What is required: Restate word for word the line with "Farbenfroher tropischer Blumen" and all lines after it; please stop only at the end of the listing below.

Records for this exercise:
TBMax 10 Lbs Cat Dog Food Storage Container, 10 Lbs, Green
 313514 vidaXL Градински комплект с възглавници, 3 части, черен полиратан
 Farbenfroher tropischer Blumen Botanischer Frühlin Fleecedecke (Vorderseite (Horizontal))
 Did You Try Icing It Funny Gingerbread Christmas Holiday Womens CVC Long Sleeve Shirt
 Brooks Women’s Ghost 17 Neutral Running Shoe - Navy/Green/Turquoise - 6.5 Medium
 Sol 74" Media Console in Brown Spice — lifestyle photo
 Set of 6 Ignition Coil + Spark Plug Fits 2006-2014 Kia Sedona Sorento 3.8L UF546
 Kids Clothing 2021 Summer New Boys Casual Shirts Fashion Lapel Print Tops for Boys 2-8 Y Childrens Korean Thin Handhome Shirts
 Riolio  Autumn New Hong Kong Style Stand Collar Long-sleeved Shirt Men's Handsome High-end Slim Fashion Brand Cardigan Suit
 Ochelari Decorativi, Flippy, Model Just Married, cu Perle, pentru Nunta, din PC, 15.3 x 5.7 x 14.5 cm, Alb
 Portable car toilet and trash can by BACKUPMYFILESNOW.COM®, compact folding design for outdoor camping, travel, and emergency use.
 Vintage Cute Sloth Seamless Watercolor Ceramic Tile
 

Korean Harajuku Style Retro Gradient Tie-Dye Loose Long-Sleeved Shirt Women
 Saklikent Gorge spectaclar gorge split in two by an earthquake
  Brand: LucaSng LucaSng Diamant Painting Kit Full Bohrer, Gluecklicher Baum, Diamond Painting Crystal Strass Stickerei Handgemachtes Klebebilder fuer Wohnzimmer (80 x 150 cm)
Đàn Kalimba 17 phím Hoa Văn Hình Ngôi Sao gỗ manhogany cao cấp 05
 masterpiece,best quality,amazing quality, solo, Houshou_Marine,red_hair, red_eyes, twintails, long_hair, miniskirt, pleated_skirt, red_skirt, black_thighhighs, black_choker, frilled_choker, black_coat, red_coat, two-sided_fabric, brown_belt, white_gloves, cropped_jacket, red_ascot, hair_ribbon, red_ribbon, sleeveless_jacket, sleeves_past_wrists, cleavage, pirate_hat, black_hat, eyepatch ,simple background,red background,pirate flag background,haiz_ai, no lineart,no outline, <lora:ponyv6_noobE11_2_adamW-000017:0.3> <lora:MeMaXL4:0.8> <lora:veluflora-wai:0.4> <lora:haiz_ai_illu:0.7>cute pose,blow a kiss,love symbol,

Written reply:
 Farbenfroher tropischer Blumen Botanischer Frühlin Fleecedecke (Vorderseite (Horizontal))
 Did You Try Icing It Funny Gingerbread Christmas Holiday Womens CVC Long Sleeve Shirt
 Brooks Women’s Ghost 17 Neutral Running Shoe - Navy/Green/Turquoise - 6.5 Medium
 Sol 74" Media Console in Brown Spice — lifestyle photo
 Set of 6 Ignition Coil + Spark Plug Fits 2006-2014 Kia Sedona Sorento 3.8L UF546
 Kids Clothing 2021 Summer New Boys Casual Shirts Fashion Lapel Print Tops for Boys 2-8 Y Childrens Korean Thin Handhome Shirts
 Riolio  Autumn New Hong Kong Style Stand Collar Long-sleeved Shirt Men's Handsome High-end Slim Fashion Brand Cardigan Suit
 Ochelari Decorativi, Flippy, Model Just Married, cu Perle, pentru Nunta, din PC, 15.3 x 5.7 x 14.5 cm, Alb
 Portable car toilet and trash can by BACKUPMYFILESNOW.COM®, compact folding design for outdoor camping, travel, and emergency use.
 Vintage Cute Sloth Seamless Watercolor Ceramic Tile
 

Korean Harajuku Style Retro Gradient Tie-Dye Loose Long-Sleeved Shirt Women
 Saklikent Gorge spectaclar gorge split in two by an earthquake
  Brand: LucaSng LucaSng Diamant Painting Kit Full Bohrer, Gluecklicher Baum, Diamond Painting Crystal Strass Stickerei Handgemachtes Klebebilder fuer Wohnzimmer (80 x 150 cm)
Đàn Kalimba 17 phím Hoa Văn Hình Ngôi Sao gỗ manhogany cao cấp 05
 masterpiece,best quality,amazing quality, solo, Houshou_Marine,red_hair, red_eyes, twintails, long_hair, miniskirt, pleated_skirt, red_skirt, black_thighhighs, black_choker, frilled_choker, black_coat, red_coat, two-sided_fabric, brown_belt, white_gloves, cropped_jacket, red_ascot, hair_ribbon, red_ribbon, sleeveless_jacket, sleeves_past_wrists, cleavage, pirate_hat, black_hat, eyepatch ,simple background,red background,pirate flag background,haiz_ai, no lineart,no outline, <lora:ponyv6_noobE11_2_adamW-000017:0.3> <lora:MeMaXL4:0.8> <lora:veluflora-wai:0.4> <lora:haiz_ai_illu:0.7>cute pose,blow a kiss,love symbol,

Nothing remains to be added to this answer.